He screwed up his face in bewilderment and I couldn’t help but laugh. He grinned as well, chuckling to himself. “Did ANYONE play that spot on?—Like, PERFECT??” He grinned wildly, and I shook my head and moved my hand left and right in denial. He was looking at me while I did this, and he continued to smile. “Okay, let’s try that again.”

So, we did, and when he cued us in, I played the note pretty solid! I didn’t hear the others all too much though, but they probably didn’t do too hot because M was cringing again. Haha. “Ah, you didn’t—“ He began to say something, then he suddenly stopped himself. He looked into my eyes right when he did so.

“You were *good*,” he pointed at me, “but the others were all over the place. They’ll try to be like you next rep.” I could tell he was happy with me, all by the tone of voice and everything when he gestured to me. It was nice.

He called out the measure number had us start again, and this time we were all good. We kept playing on for a bit until he cut us off. I was the only one to play that last note though. Whoops. It seemed like he wanted to look at me after I stuck out on that last note, because he turned his body and head my way slightly, but he just kept a sort of strategizing smile on his face.

He gave feedback, then after a moment of silence, spoke without looking at me. “R, you can play out.” I was caught off guard by the sudden comment. “Okay,” I called back in response, just as he was getting ready to get others in ‘set’ position. Again with the bad response timing. Whoops.

Since then, I tried to play as loud as I could.

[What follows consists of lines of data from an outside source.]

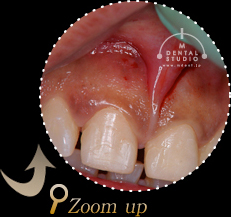 施術前拡大写真(前歯)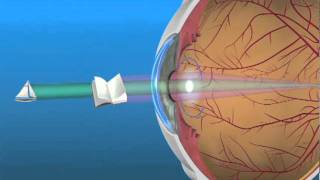 Multifocal Lens IOL [upl. by Eelrefinnej250]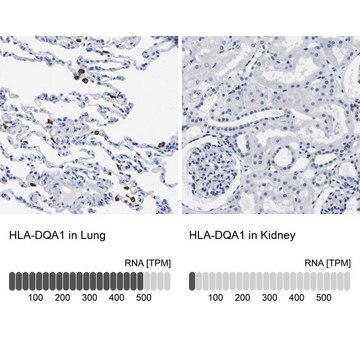 Anti-HLA-DQA1 antibody produced in rabbit Prestige Antibodies&#174; Powered by Atlas Antibodies, affinity isolated antibody, buffered aqueous glycerol solution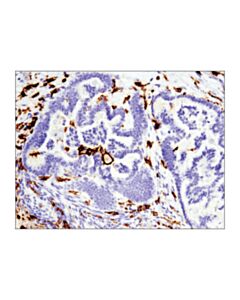 Cell Signaling Cd16 (D1n9l) Rabbit mAb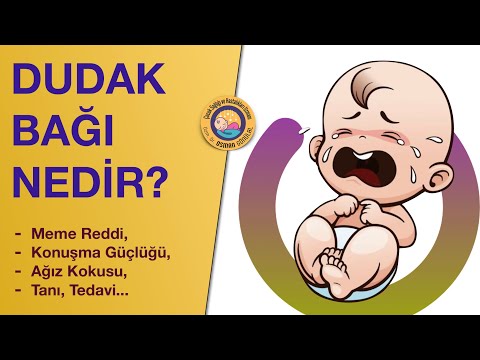 Bebeklerde Dudak Bağı (Meme Reddi, Tanı, Tedavi)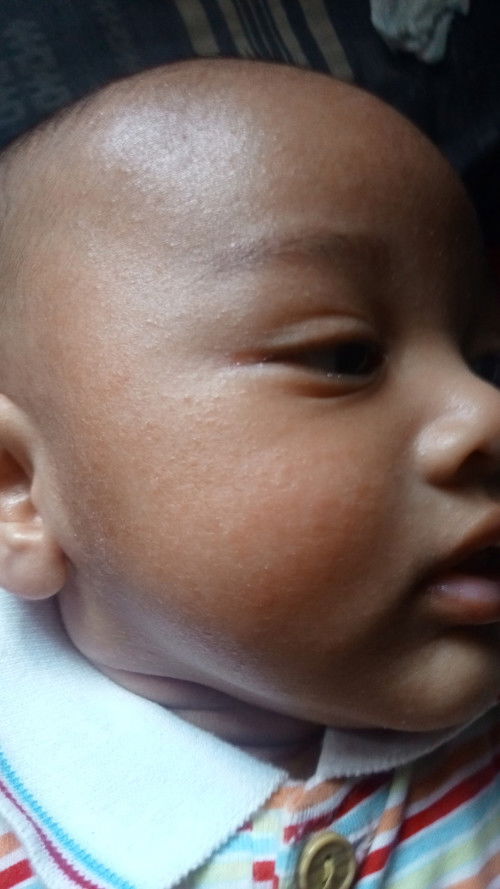 Ruam dan kering diwajah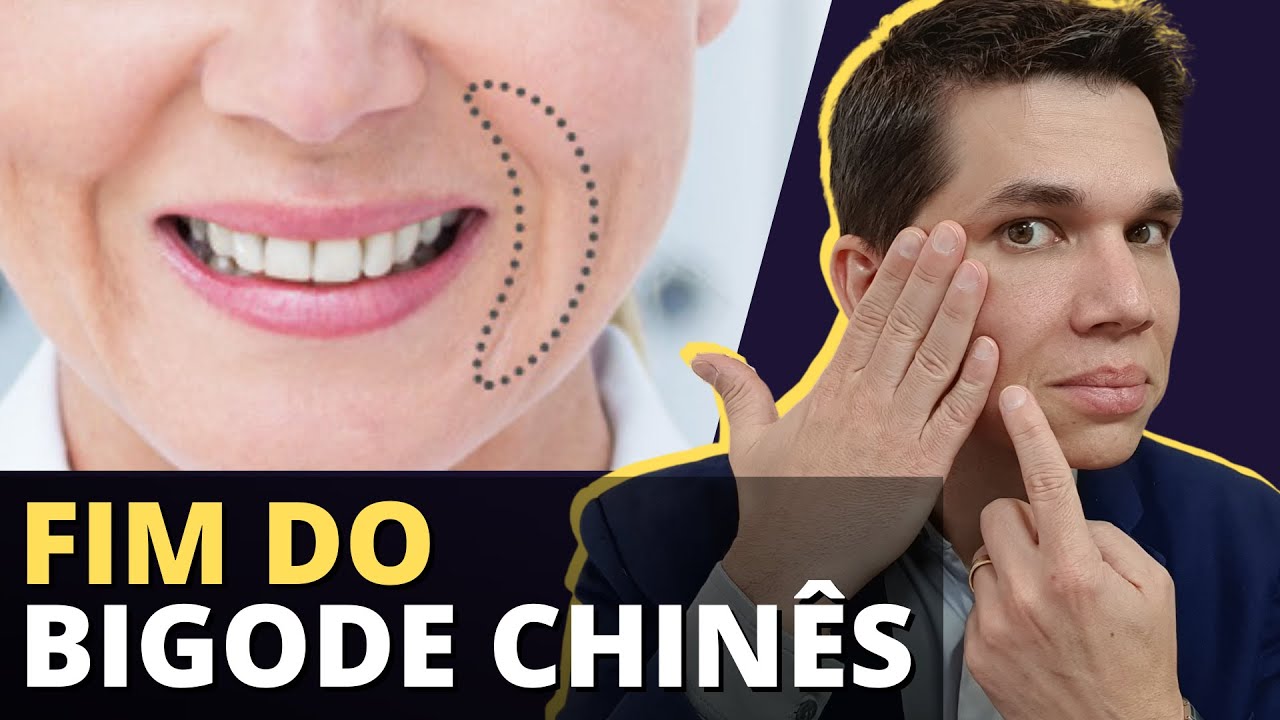 FIM DO BIGODE CHINÊS: Como tratar e acabar DEFINITIVAMENTE com essa Ruga?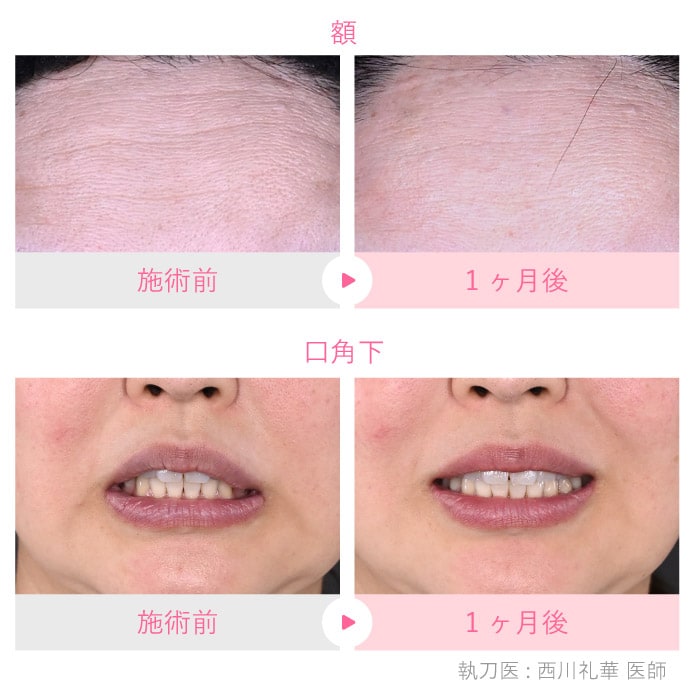 挿入箇所 額・口角下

Eventually, near one of our last reps of the chart, we had played the bigger part, and M nodded with satisfaction once we reached the last note. He had everyone come in now, and we played that for a bit before switching pieces once more. 

~~

M had us warm up on our own before the next piece. I sat there in my seat for a bit, feeling quite warmed up already because we had to play so loud. I noticed that he and another director (we can call him S) were talking. I saw M pointing at people down the line of the low brass, then I saw that he pointed to me.

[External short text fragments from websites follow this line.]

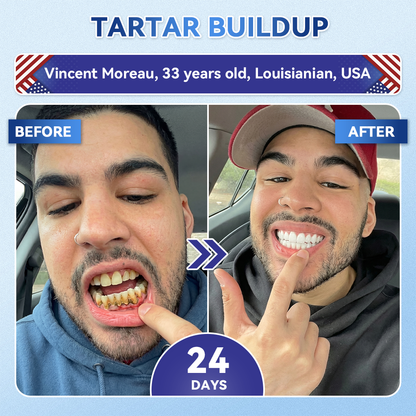 𝑮𝒍𝒊𝒎𝒎𝒆𝒓𝒍𝒚® 🎋 Tideglusib Fast‑Dissolving Tooth & Gum Repair Oral Strips(Supports tooth repair and helps relieve gum discomfort and other common oral concerns)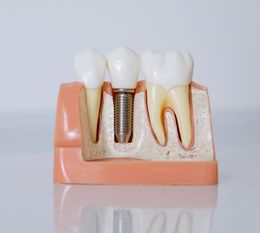 Sorriso com molda de implantes dentários a frente do rosto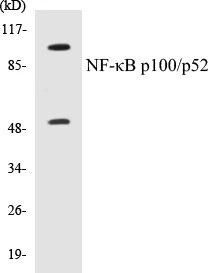 NFkB p100 / p52 Cell Based ELISA Kit (A102828-96)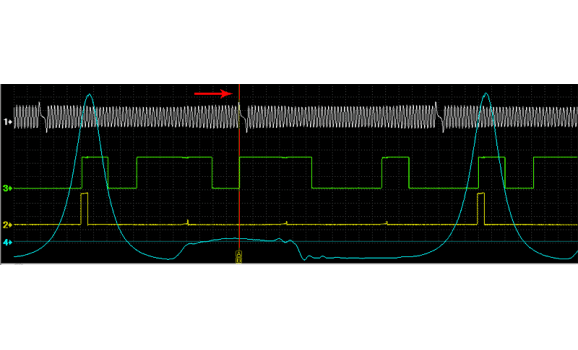 Эталон синхронизации - Сигнал ДПКВ + ДПРВ + ДД - Audi - A4 (B6) 2000–2006 : Image 1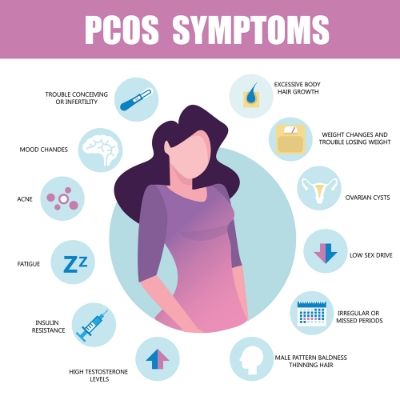 pcos symptoms and signs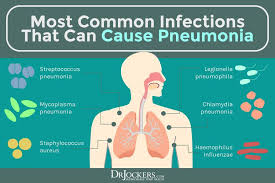 Pneumonia Causes Symptoms Solutions In 2020 Healing Solutions Pneumonia Natural Healing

I was super surprised, of course, but I tried not to react too much because I didn’t want to interrupt their chat. I saw him smile while speaking now, specifically mouthing the words ‘tuba’ and my grade level. I smiled to myself lightly; he was talking to someone else about me again?? That was so sweet.

S nodded at M’s statement, then I saw him do a double take. “Really??” I saw him mouth. His expression looked shocked. I’m not very young at all, but I was still flattered by their mutual surprise, and tried to suppress my smile as much as I could. 

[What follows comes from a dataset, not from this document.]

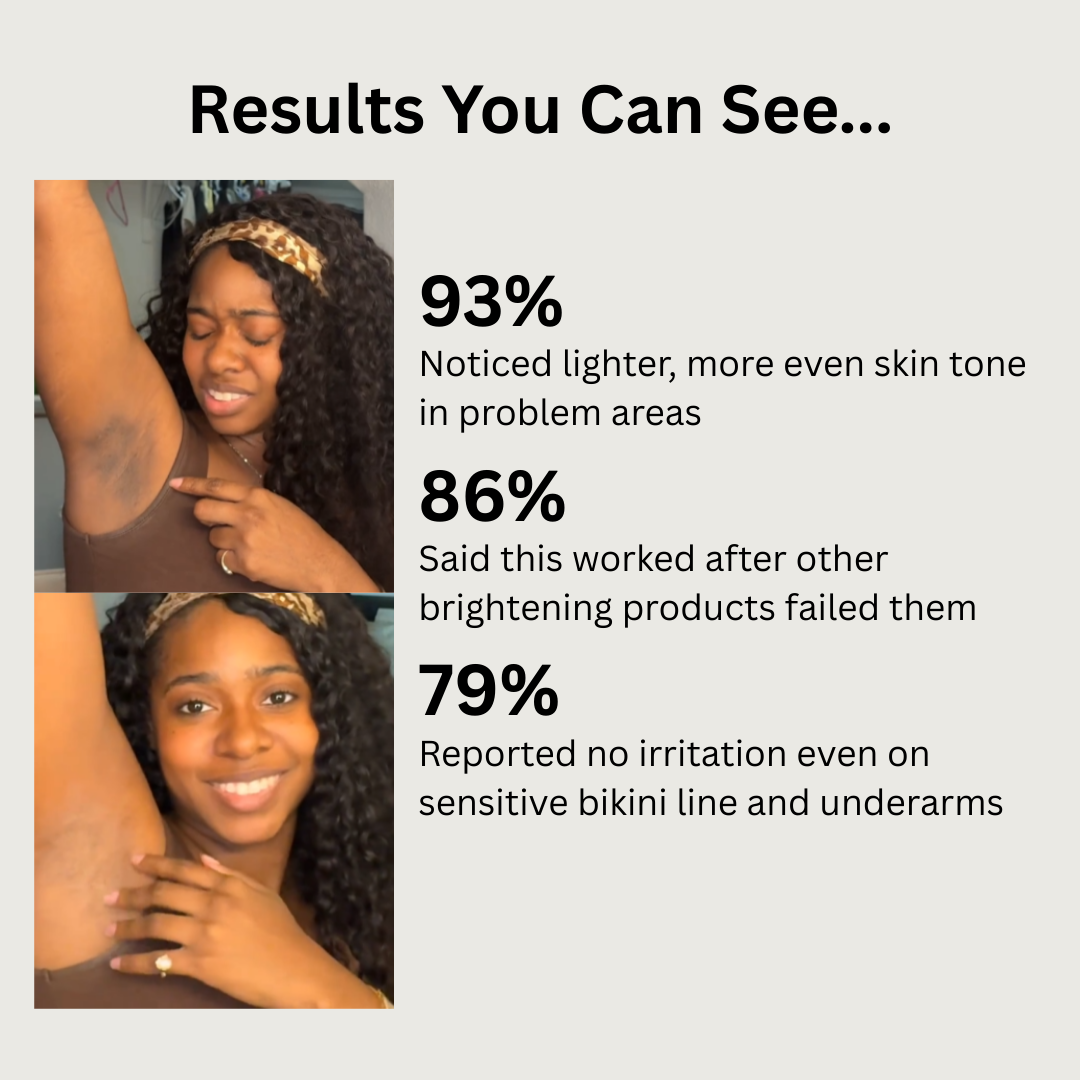 Dark Spots & Hyperpigmentation Correction Rice Jam Mask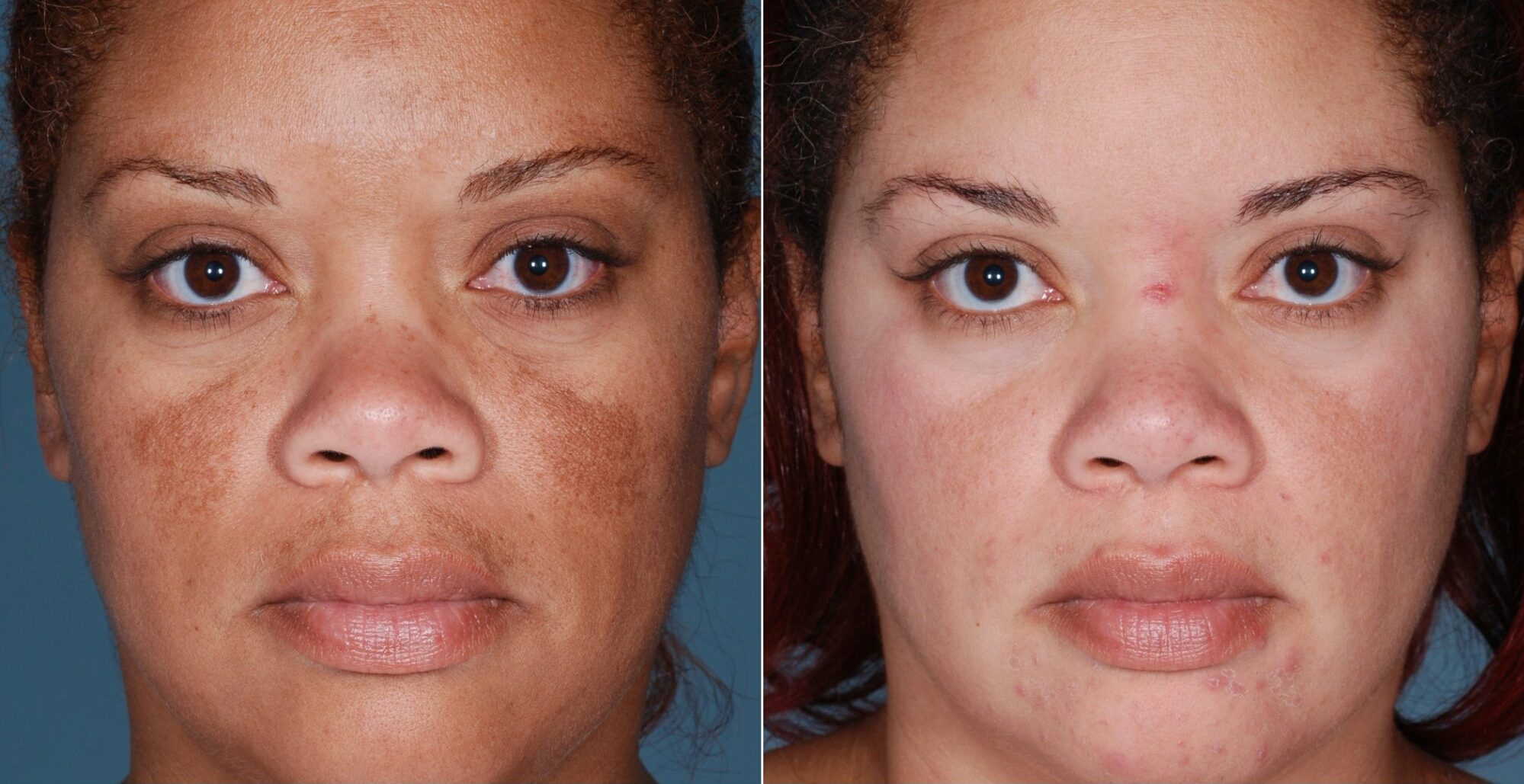 antes-e-depois-meu-queridinho-e1657127435722.jpg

After S’s exclamation, M widened his eyes dramatically and nodded his head slowly and seriously at S, indicating that he strongly felt that surprise. I saw M mouth the words “Yeah” and “Right?”, and it was so sweet. Seeing him talk about me in that way….gosh, It’s always so heartwarming. He’s so nice to me.

M kept looking back at me for extended periods of time while he was talking to S, and at once point, after I caught his eye, I saw him chuckle a bit as I looked away quickly, leaning to grab my tuba off the ground so he would think I was doing something else…even though it was quite obvious I wasn’t. We made so much eye contact. I am fairly certain he knew that I knew that he was talking about me.

But still, again, it was so sweet. There’s always this light little cheeky look he gives others when he’s “bragging” about me. It’s so cute. He is the best thing to ever happen to me. I love him so much. ❤️❤️❤️

||||||||||||||||||||||||

I didn’t get to see him after that, but man, I had such a blast when I did. I hope he has tons of fun on his mini vacation. He deserves a good break and an enjoyable time. ^^

I hope everyone here has an amazing rest of your week as well! I probably won’t be posting stories since M isn’t going to be here, but I’ll post some answers to the February TC Challenge eventually, so look forward to it. Stay safe!!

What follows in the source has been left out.